Be Suspicious of Emails from Unknown Sources
The first warning sign of a phishing scam is an unknown email source. If someone is claiming to be a representative from a famous company, check if the email address has the relevant domain name and verify it with the company.
In addition, watch out for language errors and non-professional terms. These are the biggest warning sign of a phishing scam, as many scammers do not put as much effort into their email language. If any graphics in the email look amateur-level too, then simply ignore and block the address.
Verify all Links in a Post or Email
When you see an email, social media post, or SMS with a link, then you need to verify whether it’s legitimate. Do not click on it without any verification. Simply hover over the link and see where it’s leading you to. This is especially true for shortened links, so never ignore this practice.
If the link looks misspelled or suspicious, then don’t click on it. Instead, report the communication as spam or fraud. These links may lead you to websites that harm your computer or cause data leaks.
Always Use Secure Websites
When you’re opening a website, always make sure it has the ‘https://’ prefix. Do not open links with the ‘http://’ prefix, as they are not secure. In addition, most browsers also let you see the security certificate for websites you want to see.
If your browser alerts you about problems with any sort of security certificate, then you should avoid such websites. In many cases, any information you enter on these websites will be used nefariously or simply leaked. Therefore, you should know the basics of website security, and not fall for suspicious websites.

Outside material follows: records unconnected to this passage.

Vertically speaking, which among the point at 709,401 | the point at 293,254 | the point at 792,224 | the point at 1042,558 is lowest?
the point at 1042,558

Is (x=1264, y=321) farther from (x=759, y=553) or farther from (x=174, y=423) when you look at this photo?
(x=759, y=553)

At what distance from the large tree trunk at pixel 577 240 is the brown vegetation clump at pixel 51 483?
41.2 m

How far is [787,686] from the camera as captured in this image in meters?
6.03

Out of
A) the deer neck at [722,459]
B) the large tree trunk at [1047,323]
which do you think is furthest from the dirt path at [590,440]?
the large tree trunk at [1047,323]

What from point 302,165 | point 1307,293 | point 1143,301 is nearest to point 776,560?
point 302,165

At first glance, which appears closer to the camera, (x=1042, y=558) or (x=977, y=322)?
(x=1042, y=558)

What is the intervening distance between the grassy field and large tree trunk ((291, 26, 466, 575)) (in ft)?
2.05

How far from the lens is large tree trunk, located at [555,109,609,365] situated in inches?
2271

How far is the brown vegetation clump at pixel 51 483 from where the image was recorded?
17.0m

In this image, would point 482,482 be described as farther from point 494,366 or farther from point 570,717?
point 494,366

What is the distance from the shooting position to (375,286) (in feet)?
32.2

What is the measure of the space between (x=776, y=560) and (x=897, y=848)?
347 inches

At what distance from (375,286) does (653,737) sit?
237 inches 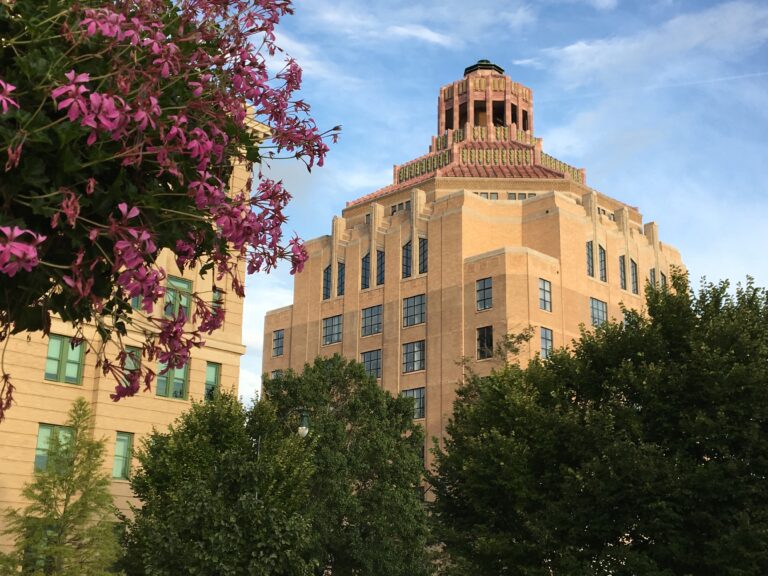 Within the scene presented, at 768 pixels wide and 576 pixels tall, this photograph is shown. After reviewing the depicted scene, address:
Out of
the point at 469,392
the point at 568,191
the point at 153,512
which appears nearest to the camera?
the point at 153,512

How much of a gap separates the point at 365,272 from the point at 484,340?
16.5m

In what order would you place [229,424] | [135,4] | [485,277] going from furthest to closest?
[485,277] → [229,424] → [135,4]

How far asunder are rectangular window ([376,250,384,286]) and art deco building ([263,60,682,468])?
0.12m

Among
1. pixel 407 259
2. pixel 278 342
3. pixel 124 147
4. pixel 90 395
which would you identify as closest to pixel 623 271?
pixel 407 259

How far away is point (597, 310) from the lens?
7531 centimetres

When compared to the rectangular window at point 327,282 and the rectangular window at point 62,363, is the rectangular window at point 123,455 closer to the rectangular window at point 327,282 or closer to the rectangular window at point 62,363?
the rectangular window at point 62,363

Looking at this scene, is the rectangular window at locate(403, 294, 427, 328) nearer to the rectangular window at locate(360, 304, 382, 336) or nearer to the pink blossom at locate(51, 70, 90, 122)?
the rectangular window at locate(360, 304, 382, 336)

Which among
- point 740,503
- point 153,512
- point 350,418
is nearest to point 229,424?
point 153,512

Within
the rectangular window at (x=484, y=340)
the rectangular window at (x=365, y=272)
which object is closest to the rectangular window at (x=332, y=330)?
the rectangular window at (x=365, y=272)

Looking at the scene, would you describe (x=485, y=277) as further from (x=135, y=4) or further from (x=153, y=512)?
(x=135, y=4)

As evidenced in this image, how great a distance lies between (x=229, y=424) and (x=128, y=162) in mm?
30329

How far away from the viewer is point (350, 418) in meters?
45.4

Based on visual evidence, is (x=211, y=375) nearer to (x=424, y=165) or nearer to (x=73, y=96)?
(x=73, y=96)

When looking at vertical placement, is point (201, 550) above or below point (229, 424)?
below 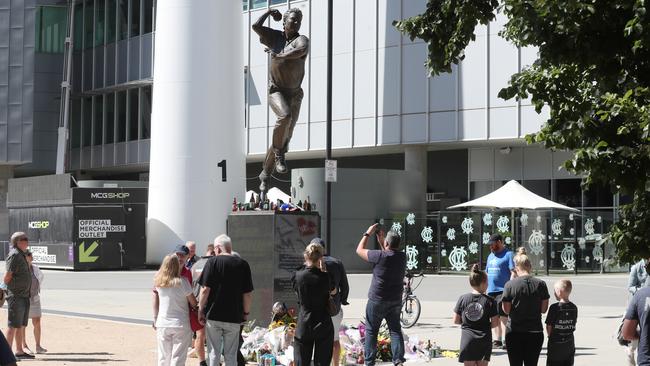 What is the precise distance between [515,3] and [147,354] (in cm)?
938

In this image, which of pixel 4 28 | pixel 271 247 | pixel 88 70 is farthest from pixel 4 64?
pixel 271 247

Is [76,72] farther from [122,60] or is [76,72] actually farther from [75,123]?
[122,60]

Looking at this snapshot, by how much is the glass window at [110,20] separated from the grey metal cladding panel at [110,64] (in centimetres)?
41

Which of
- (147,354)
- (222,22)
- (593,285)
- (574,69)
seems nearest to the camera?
(574,69)

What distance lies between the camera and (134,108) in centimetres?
5412

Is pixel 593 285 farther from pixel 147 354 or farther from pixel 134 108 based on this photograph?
pixel 134 108

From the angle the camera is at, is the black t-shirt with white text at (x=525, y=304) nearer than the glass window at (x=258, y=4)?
Yes

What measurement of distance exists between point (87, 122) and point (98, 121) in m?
1.31

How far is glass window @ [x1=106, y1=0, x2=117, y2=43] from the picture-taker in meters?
55.7

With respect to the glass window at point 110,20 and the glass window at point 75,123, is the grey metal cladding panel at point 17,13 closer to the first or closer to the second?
the glass window at point 110,20

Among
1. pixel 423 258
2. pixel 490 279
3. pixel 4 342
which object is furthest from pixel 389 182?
pixel 4 342

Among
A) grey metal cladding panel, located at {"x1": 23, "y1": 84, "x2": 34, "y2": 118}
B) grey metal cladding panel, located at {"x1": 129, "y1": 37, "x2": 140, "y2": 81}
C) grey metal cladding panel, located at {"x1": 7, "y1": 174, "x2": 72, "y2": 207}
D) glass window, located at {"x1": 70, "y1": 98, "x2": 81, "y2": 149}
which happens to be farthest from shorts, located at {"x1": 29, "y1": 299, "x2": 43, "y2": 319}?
glass window, located at {"x1": 70, "y1": 98, "x2": 81, "y2": 149}

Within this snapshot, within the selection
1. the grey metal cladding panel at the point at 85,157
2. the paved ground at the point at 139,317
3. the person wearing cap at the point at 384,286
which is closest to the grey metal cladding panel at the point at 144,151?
the grey metal cladding panel at the point at 85,157

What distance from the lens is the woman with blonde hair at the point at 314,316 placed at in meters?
11.0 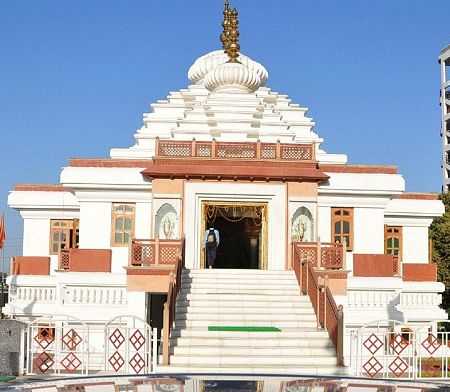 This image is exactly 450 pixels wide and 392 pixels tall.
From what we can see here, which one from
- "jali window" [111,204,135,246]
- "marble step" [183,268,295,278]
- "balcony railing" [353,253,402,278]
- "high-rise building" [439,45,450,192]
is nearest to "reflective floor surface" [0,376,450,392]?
"marble step" [183,268,295,278]

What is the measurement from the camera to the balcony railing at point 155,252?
20.0 m

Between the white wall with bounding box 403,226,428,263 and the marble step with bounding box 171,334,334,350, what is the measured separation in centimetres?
958

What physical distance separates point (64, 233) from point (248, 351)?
1160 cm

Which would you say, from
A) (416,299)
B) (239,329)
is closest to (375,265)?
(416,299)

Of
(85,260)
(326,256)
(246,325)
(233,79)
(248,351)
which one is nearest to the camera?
(248,351)

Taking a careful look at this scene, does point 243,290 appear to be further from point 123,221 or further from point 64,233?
point 64,233

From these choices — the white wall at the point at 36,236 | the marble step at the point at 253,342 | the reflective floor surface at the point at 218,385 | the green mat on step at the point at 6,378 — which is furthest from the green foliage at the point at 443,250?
the reflective floor surface at the point at 218,385

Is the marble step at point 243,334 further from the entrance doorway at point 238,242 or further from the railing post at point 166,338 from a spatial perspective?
the entrance doorway at point 238,242

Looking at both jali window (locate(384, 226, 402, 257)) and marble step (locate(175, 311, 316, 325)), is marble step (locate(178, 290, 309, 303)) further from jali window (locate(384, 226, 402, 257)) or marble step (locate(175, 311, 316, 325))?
jali window (locate(384, 226, 402, 257))

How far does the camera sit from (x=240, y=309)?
19.2 m

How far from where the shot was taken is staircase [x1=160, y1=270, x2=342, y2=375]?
16500 mm

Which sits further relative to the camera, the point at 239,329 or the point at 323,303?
the point at 323,303

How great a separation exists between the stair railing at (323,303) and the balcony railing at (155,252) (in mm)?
3107

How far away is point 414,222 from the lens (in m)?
26.7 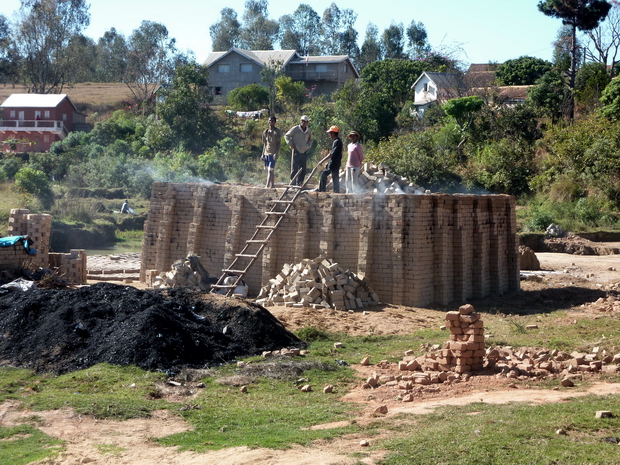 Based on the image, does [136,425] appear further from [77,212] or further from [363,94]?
[363,94]

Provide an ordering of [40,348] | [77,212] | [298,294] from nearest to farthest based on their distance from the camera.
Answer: [40,348] < [298,294] < [77,212]

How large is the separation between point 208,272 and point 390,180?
449 centimetres

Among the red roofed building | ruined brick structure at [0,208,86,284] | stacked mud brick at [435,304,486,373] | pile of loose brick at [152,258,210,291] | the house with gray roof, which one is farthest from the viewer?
the house with gray roof

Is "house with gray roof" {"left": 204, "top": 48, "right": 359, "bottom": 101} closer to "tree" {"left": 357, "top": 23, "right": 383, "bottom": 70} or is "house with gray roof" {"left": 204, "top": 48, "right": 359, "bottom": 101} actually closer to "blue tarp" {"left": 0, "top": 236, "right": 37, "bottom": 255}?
"tree" {"left": 357, "top": 23, "right": 383, "bottom": 70}

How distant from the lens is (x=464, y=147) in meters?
35.1

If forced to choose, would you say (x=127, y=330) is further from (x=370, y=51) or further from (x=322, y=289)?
(x=370, y=51)

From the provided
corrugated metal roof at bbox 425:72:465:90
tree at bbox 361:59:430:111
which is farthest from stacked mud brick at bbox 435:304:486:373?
tree at bbox 361:59:430:111

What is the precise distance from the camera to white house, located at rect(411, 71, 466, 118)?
42.9 metres

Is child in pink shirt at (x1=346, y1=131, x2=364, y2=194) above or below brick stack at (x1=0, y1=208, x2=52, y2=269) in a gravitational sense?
above

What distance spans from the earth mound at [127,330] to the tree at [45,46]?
2159 inches

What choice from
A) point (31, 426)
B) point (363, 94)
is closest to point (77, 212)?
point (363, 94)

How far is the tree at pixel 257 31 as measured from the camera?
7681 centimetres

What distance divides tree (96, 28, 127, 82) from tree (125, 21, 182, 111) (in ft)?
31.5

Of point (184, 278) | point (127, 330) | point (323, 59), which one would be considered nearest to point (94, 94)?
point (323, 59) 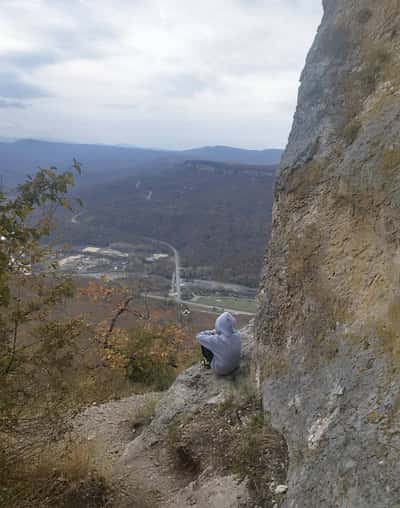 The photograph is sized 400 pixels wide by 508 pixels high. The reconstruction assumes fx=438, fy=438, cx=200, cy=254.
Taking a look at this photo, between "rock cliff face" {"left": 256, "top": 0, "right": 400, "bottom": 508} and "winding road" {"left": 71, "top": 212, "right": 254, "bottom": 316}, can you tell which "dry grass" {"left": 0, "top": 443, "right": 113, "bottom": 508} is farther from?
"winding road" {"left": 71, "top": 212, "right": 254, "bottom": 316}

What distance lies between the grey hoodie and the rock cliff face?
88 centimetres

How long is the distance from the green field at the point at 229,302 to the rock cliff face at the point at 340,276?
139 ft

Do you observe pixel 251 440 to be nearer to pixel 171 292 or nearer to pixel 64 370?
pixel 64 370


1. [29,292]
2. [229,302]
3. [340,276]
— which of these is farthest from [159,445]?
[229,302]

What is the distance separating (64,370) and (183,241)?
87.6m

When you see a random website, email, or SMs asking for your financial, personal, or business details, do not just enter them willy-nilly. Always confirm who’s asking for the information and why they need it. Then, verify this information with their company. The best practice, though, is to simply not respond to any such appeals.
If this information is relevant for anyone, then you probably know those people directly and can confirm with them using other mediums. Only enter this information in completely verified places like your banking portal. Otherwise, you may fall victim to one of these scams.
Act Wary on Any Communications with Urgent Language
One of the most obvious warning signs of phishing and smishing scams is urgency. Many scammers pretend that they’re in some sort of time-sensitive situation which they cannot escape out of. This includes emergency appeals or offers which ‘you cannot miss out on’. So, if you receive a text or email asking you to share these details before something dire happens, report it to the relevant authorities.
This is especially common with banking details. You’ll receive a message or email from an unverified source that says your account will be shut down if you don’t share your details immediately. These are usually scams and can get you into a world of financial and legal trouble, so always call up your bank to let them know about such situations.
In conclusion, you need to avoid various phishing and smishing scams at all costs. These can drain you of valuable resources and put you through a whole lot of trouble you don’t really want.